The lede link is worth looking at. But it's one-sided.
In particular it mischaracterizes how Mayor Robert Wagner authorized New York City workers to unionize back in the 1950s as his simply wanting to "cynically buy votes." As the lede link correctly points out, this was a signal development as Wagner's move was much copied, including by JFK at the federal level.
But it leaves out the role played by the founder and leader of the New York City Transit Worker's Union, "Red" Mike Quill. Quill is one of those folks that you rarely hear about anymore who actually had a profound impact on our national history. The TWU started in the 1930s with a mix of Irish nationalism and socialist philosophy. NYC transit workers back then were predominantly Irish. Some had even fled Ireland as they were IRA members who had refused to accept a compromised peace with Great Britain; having first taken on an Empire, they were on the losing side in Ireland's Civil War of the 1920s. Notably, Quill and the TWU weren't racist and the TWU had sizeable black numbers from the start. To them, it was "all of us" against the Establishment. Like a lot of unions back in the 1930s, the TWU flirted with Stalin. Later, Quill was one of the first American labor leaders to denounce Stalin and the Soviets.

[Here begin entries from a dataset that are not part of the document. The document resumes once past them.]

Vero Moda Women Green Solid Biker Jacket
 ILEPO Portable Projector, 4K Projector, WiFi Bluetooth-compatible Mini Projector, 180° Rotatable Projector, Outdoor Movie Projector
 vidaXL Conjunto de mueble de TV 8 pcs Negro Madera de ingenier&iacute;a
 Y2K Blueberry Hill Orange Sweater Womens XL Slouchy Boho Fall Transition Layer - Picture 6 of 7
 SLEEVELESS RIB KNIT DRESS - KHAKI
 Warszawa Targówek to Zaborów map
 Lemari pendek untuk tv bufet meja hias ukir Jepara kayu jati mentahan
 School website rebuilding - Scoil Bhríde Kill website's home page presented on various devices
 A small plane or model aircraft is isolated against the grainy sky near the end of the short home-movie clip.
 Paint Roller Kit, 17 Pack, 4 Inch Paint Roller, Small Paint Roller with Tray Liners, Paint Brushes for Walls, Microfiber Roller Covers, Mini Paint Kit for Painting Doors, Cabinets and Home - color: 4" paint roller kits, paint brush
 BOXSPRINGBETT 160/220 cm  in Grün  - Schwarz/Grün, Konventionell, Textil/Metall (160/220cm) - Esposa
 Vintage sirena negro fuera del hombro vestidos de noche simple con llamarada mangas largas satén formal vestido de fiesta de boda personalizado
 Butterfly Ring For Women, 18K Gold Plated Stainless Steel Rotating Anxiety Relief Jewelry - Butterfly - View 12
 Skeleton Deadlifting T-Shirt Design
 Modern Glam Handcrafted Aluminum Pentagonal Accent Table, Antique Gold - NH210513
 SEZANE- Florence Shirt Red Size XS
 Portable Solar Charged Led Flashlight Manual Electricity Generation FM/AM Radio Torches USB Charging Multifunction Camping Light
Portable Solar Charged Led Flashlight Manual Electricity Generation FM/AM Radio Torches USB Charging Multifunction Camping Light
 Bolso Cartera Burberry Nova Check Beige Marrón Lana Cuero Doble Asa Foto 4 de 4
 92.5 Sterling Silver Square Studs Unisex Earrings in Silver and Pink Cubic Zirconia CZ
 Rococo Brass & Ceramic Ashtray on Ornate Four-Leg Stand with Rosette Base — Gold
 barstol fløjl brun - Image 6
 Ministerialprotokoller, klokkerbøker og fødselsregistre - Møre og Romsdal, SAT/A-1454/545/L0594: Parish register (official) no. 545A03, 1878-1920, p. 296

Before the TWU came along, some city workers -- including transit workers -- had poor pay, long hours and exploitative conditions. It took Quill 30 years to change that, ending in his face-off confrontation with Mayor John Lindsay in 1966. Until then, Quill had only threatened strikes to bargain. Lindsay picked a fight with Quill -- and even made it personal. Quill went "nuclear" and called a strike at midnight on New Year's Eve, stranding millions. Lindsay had Quill put in jail. Quill then had the great sense to have a heart attack while in jail. The TWU held out for two weeks, and won. Quill died three days later. The NYC labor movement was changed forever, and by extension so was that of the USA.
But that was then, and this is now. Unions have had their place, and sometimes still do. E.g., Right now, I side more with the NFL players than with the NFL owners. But the plight of some municipal workers back then bears little comparison to that of today. E.g., Nassau County (Long Island) police officers average $190,000 in annual compensation. They get five paid days-off for donating blood. I could go on.